Mon May 1, 2006, 1:10 PM
If one individual claims to have no recollection of an event while another individual can recall it in a detailed and clear manner it becomes difficult to ascertain whose account should be trusted. Because an individual can recall an event with considerable clarity and detail, their account should not necessarily be trusted over the claim of another individual to have no recollection whatsoever of the event. This statement can be supported by the results of research studies in the field of memory which provide evidence to support the existence of false memories and the ease with which these false memories can be convincingly created.

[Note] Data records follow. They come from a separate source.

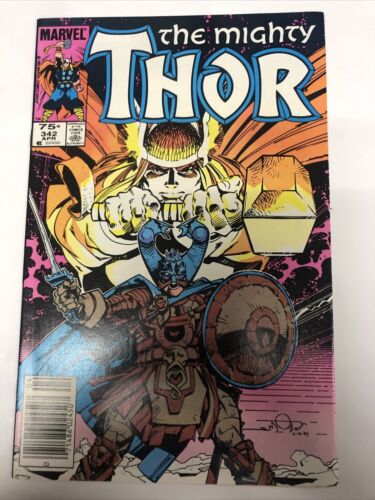 Thor (1984)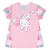 Pijama Infantil Menina Kyly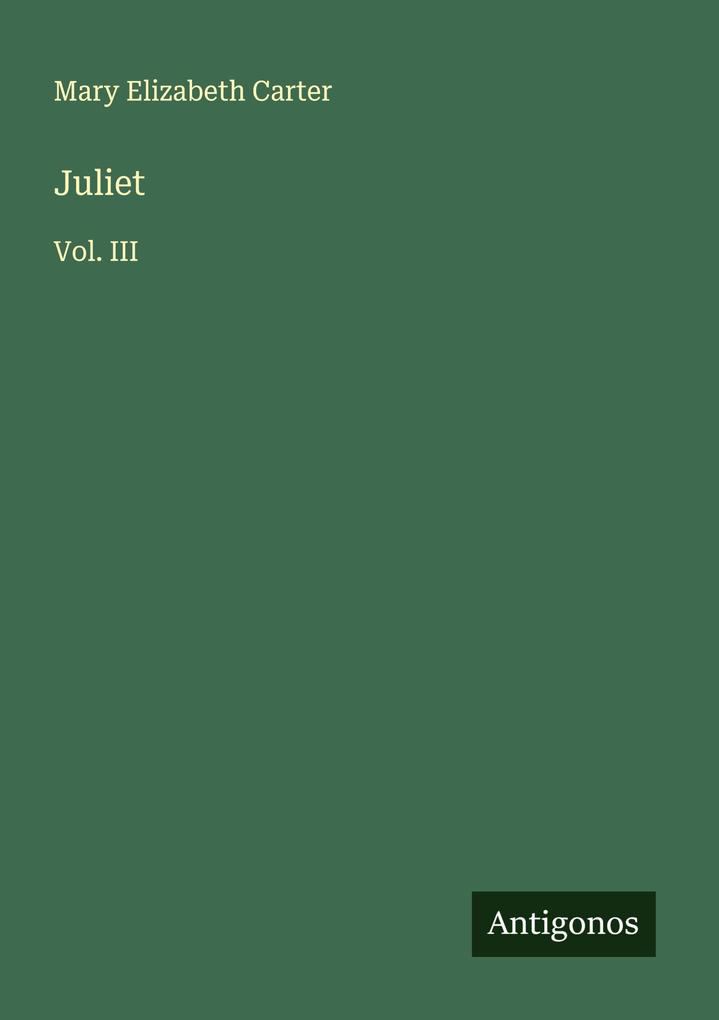 Juliet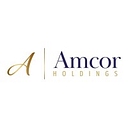 Amcor Holdings logo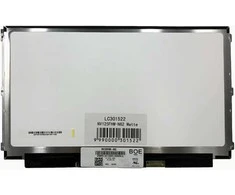 AUO Matrica 12.5" 1920x1080 FHD, LED, IPS, SLIM, matinė, 30pin (dešinėje), A+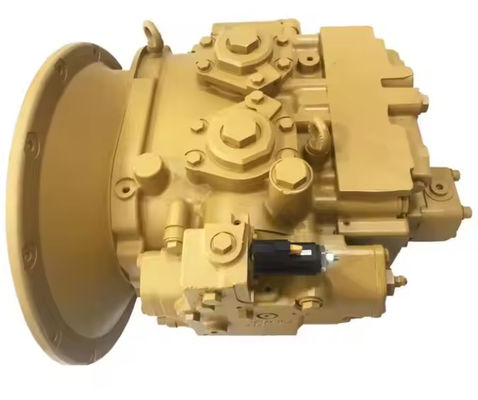 Máy đào SBS120 Máy bơm thủy lực 320D 2726955 272-6955 Cho nhà máy sản xuất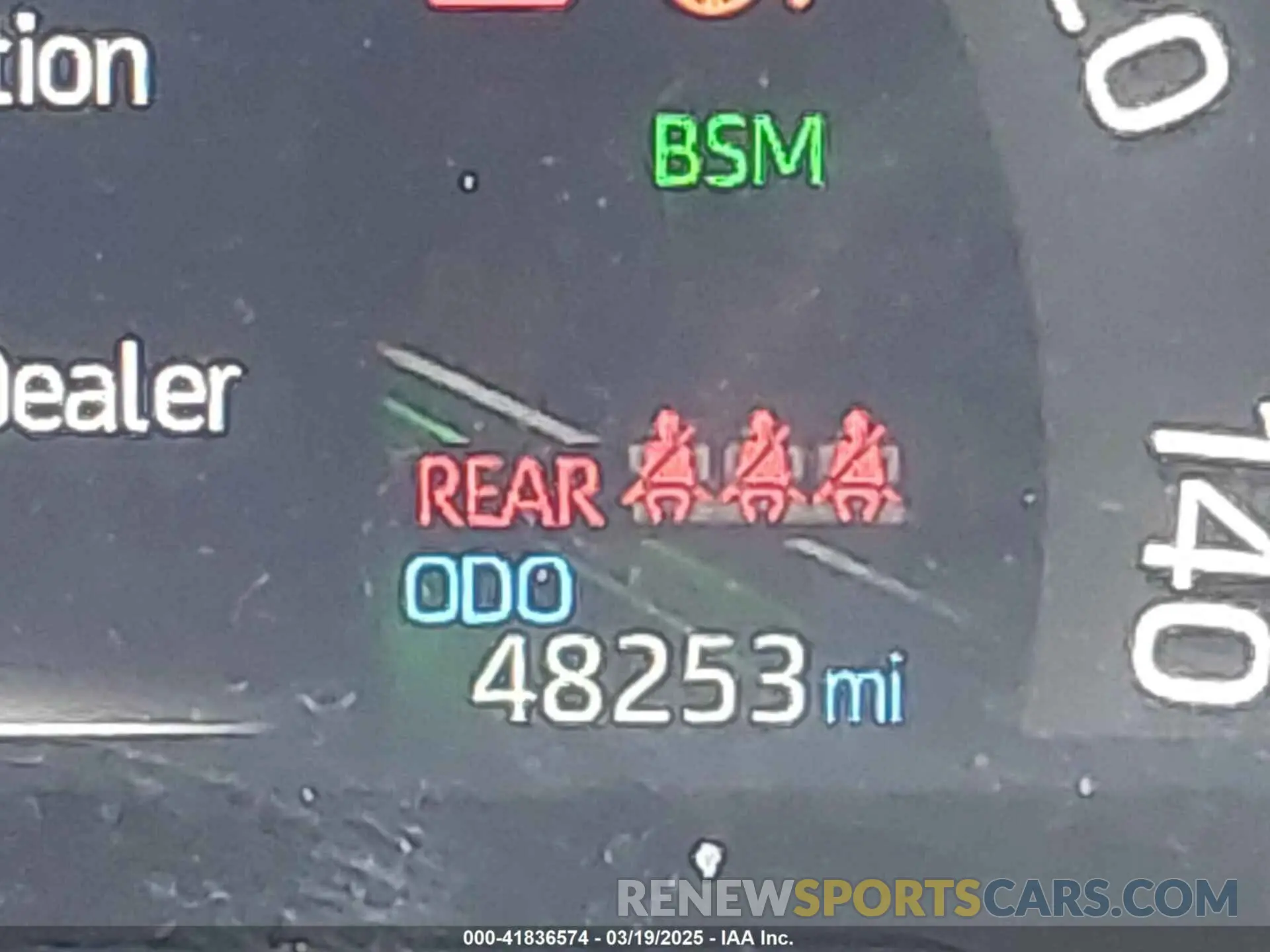 15 fotografías del automóvil dañado 2T3DWRFV3KW042748 TOYOTA RAV4 HYBRID 2019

A study by Loftus and Pickrell, ‘The Formation of False Memories’ (1995) provides detailed evidence in support of the existence of false memories. The participants were informed that they were participating in a study of their ability to recall childhood memories. Participants were students at the University of Washington, three males and twenty one females between the ages of eighteen and fifty-three. Each subject was then paired with a close family member who was well-informed about the childhood experiences of the participant. Participants received a booklet containing four short stories about the three true events and one false event from the participant’s childhood. There was sufficient room in the booklet under each story for the participant to record their own memory of the event. The information regarding the three true events was collected from the family member of the participant, as were details which could help the plausibility of the false event. All the false events followed the same basic outline: the participant was lost in a department store or mall while aged about five, was crying, was aided by an elderly woman and was finally reunited with their family after an extended period of time. The family member was also asked to verify whether or not a similar incident had in fact occurred in the participant’s childhood; only participants who had never endured a similar experience were involved in the experiment. (Loftus & Pickrell, 1995).

Having completed the booklet, participants were scheduled for two sperate interviews approximately one-two weeks after completing the booklet and another one-two weeks after that. At each interview participants were reminded about the details of the four events and were asked to recall any memory they had of each event. After this the participants were asked to rate the clarity of the memories on a scale of one to ten, one being not clear at all and ten being extremely clear. Participants were then asked to rate their confidence in being able to recall more about the event if they had more time to think about it. The second interview was the same as the first, however after completion subjects were de-briefed about the true intent of the study, and the planting of the false event. Participants were then asked to guess which event may have been the false one. (Loftus et al., 1995).

The twenty four participants were requested to remember seventy-two true events, and were able to recall something about forty-nine of the seventy-two, meaning that 68% of all true events were remembered. Six of the twenty-four participants, 25%, claimed to remember something about the false event. The remaining 75% of participants uniformly claimed not to remember the false event at all in both interviews. The mean clarity ratings for the individuals who claimed to remember the false event were 6.3 for both interviews. When asked at the end of the de-briefing which memory they thought was false, nineteen of the subjects correctly identified the false memory while the remaining five identified one of the true memories as being false. Majority of participants who correctly identified the false memory did so through elimination, not through failing in their belief that the memory was true. (Loftus et al., 1995).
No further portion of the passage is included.